Task =
The answer must consist solely of the lines from the one containing "Spacious open-concept living" through the last line of the records, set down exactly and without any pictures.
(Supplied data begins)
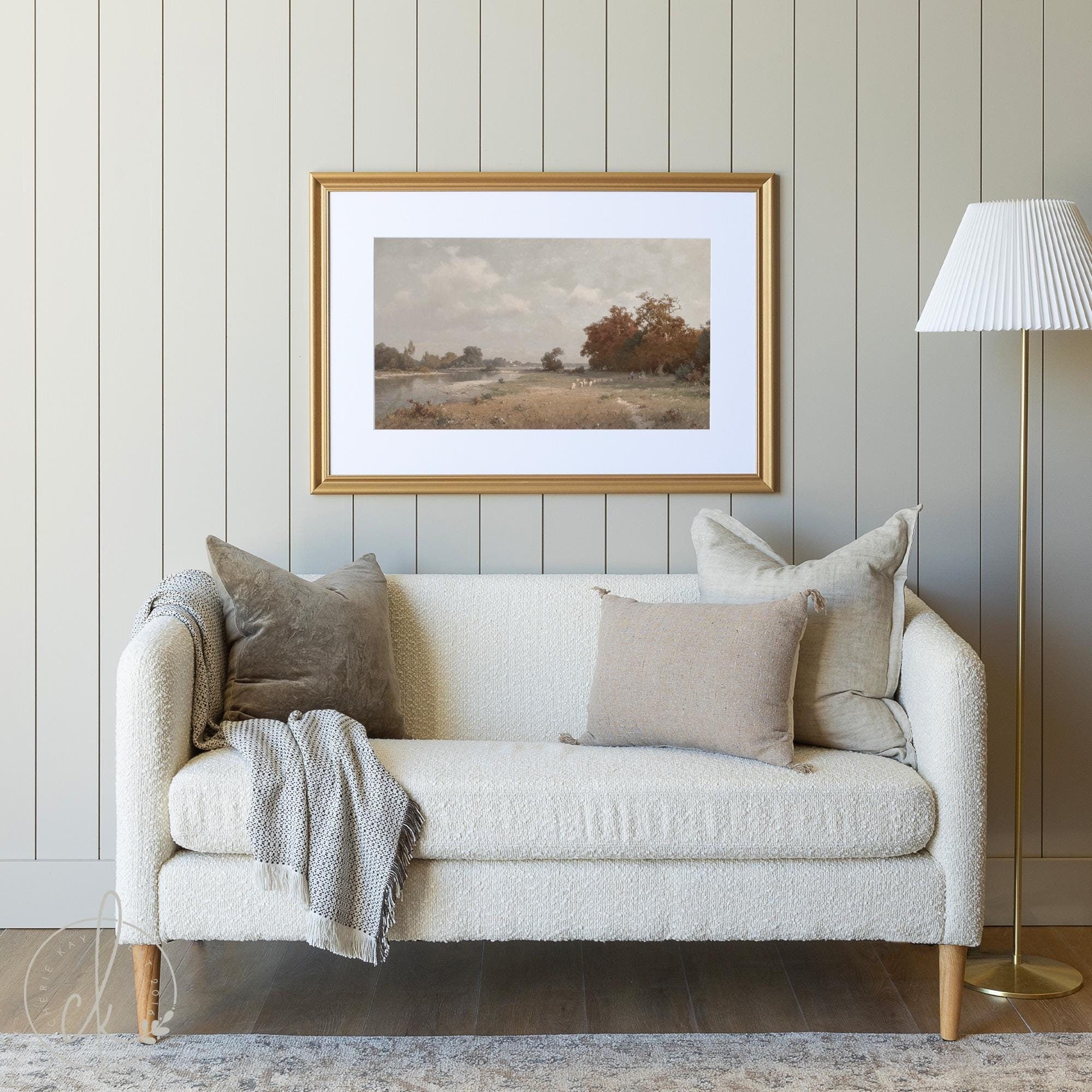 A cozy living room featuring a light beige sofa with soft pillows and a gray throw. A landscape painting of a serene autumn scene hangs on a light gray paneled wall. A white-shaded lamp stands on the right, adding to the minimalist, calm ambiance.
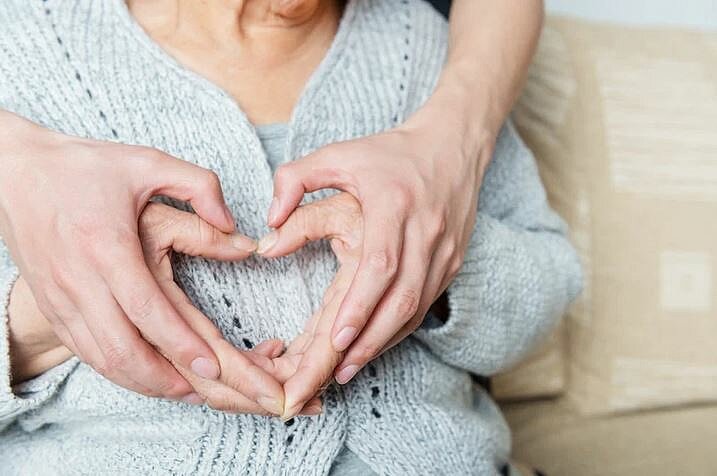Zwei Herzen aus Händen geformt vor einer sitzenden Seniorin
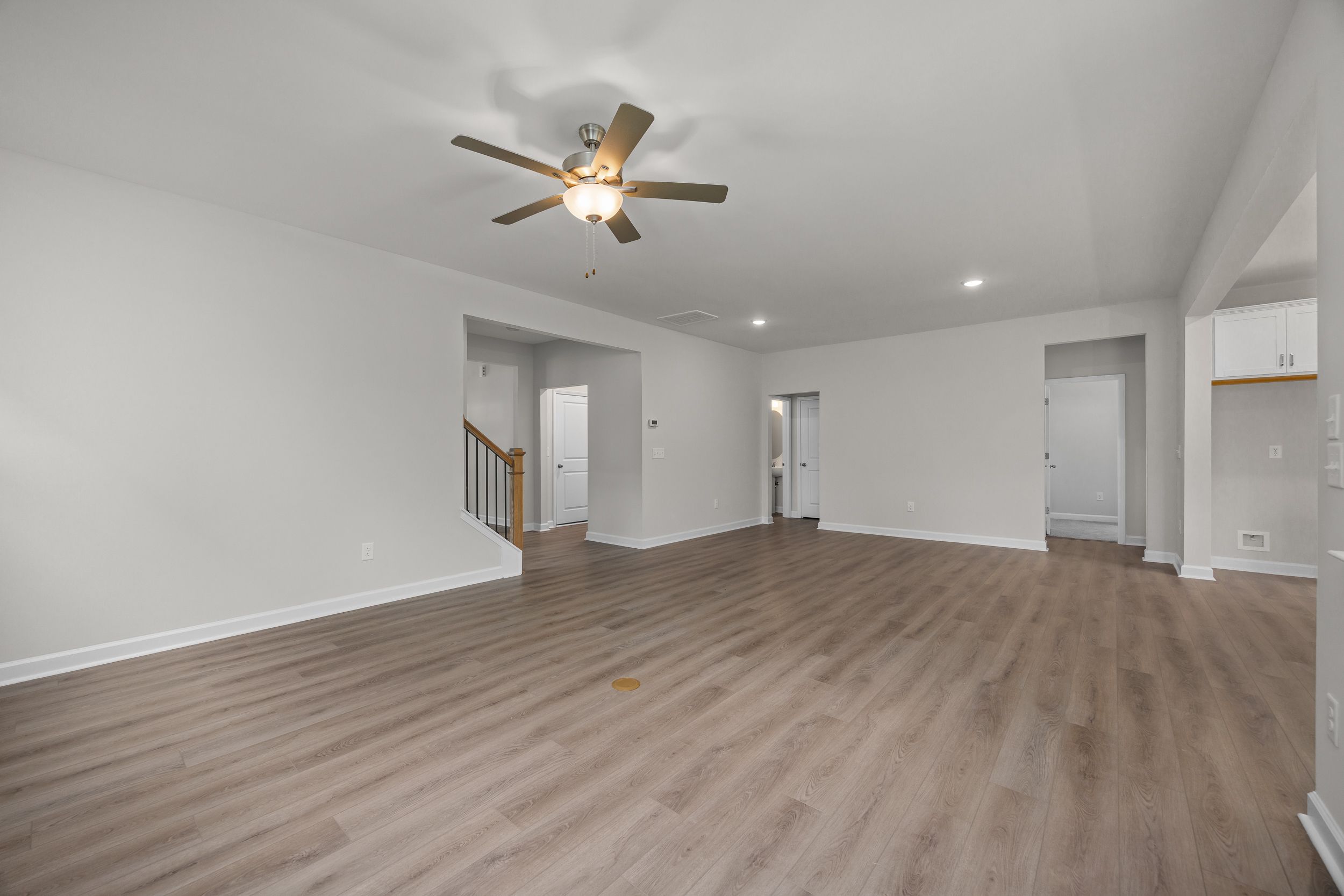 Spacious open-concept living area in The Aspen Davidson Homes with light hardwood floors, white walls, ceiling fan, and staircase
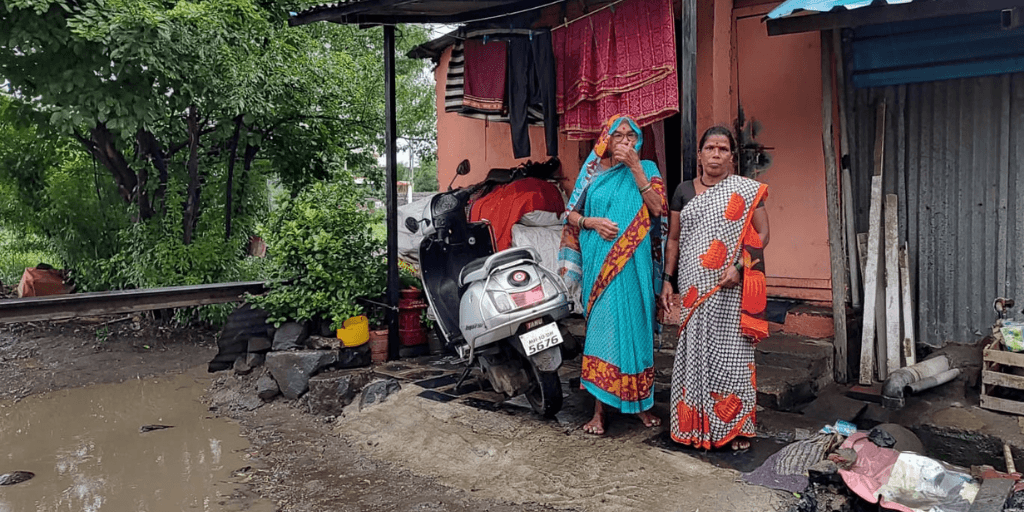 [domestic work] Two women who do domestic work standing in front of their home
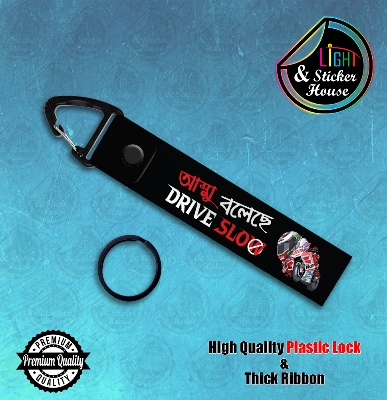 Picture of Key ring For Bike user ---- Ammu boleche Drive SloW---- Premium Quality & Plastic lock (Attachable to keys for bike, car, bag, home, and office keys)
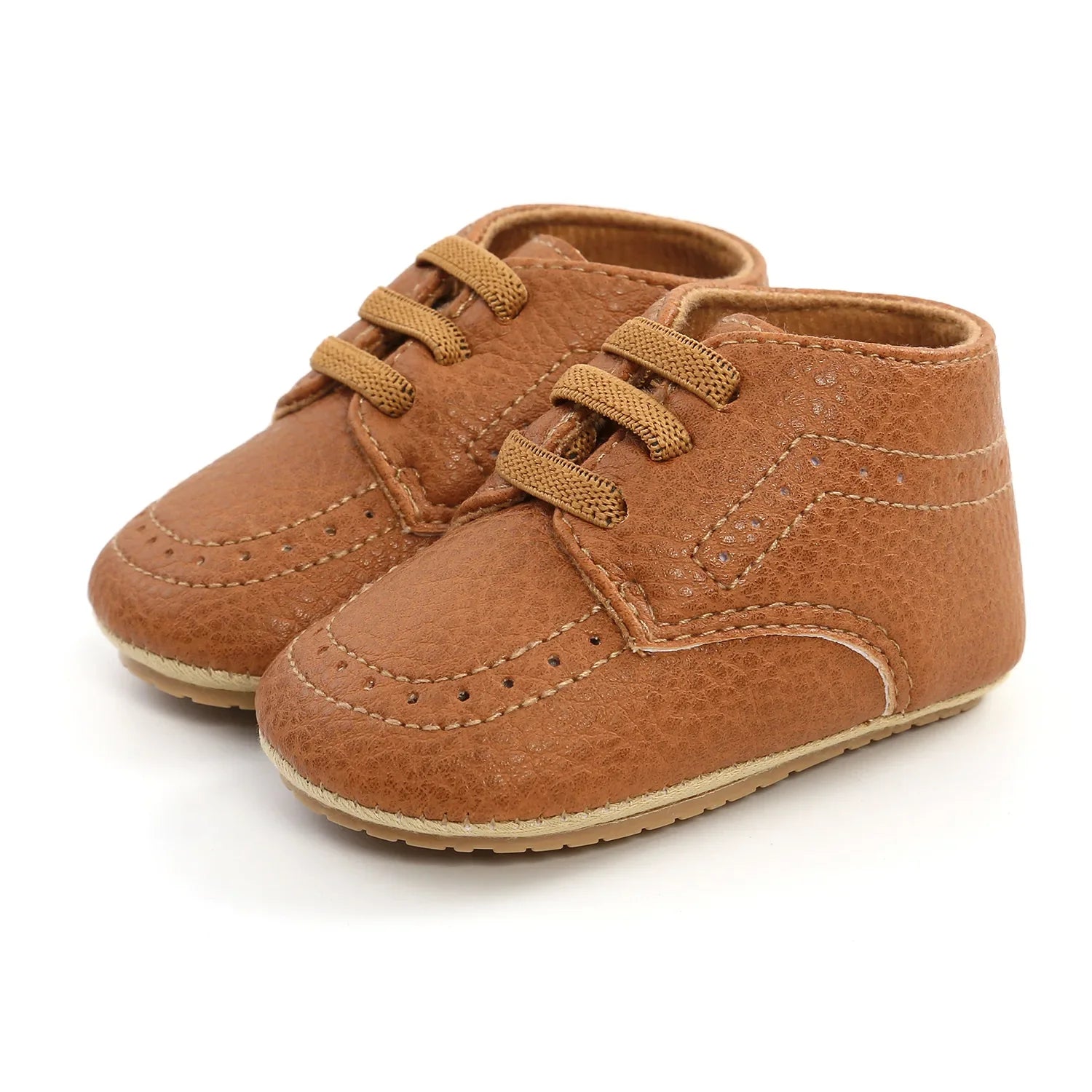 Infant feet in retro brown leather moccasins, showing comfortable fit and design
(Supplied data ends)
Task response =
 Spacious open-concept living area in The Aspen Davidson Homes with light hardwood floors, white walls, ceiling fan, and staircase
 [domestic work] Two women who do domestic work standing in front of their home
 Picture of Key ring For Bike user ---- Ammu boleche Drive SloW---- Premium Quality & Plastic lock (Attachable to keys for bike, car, bag, home, and office keys)
 Infant feet in retro brown leather moccasins, showing comfortable fit and design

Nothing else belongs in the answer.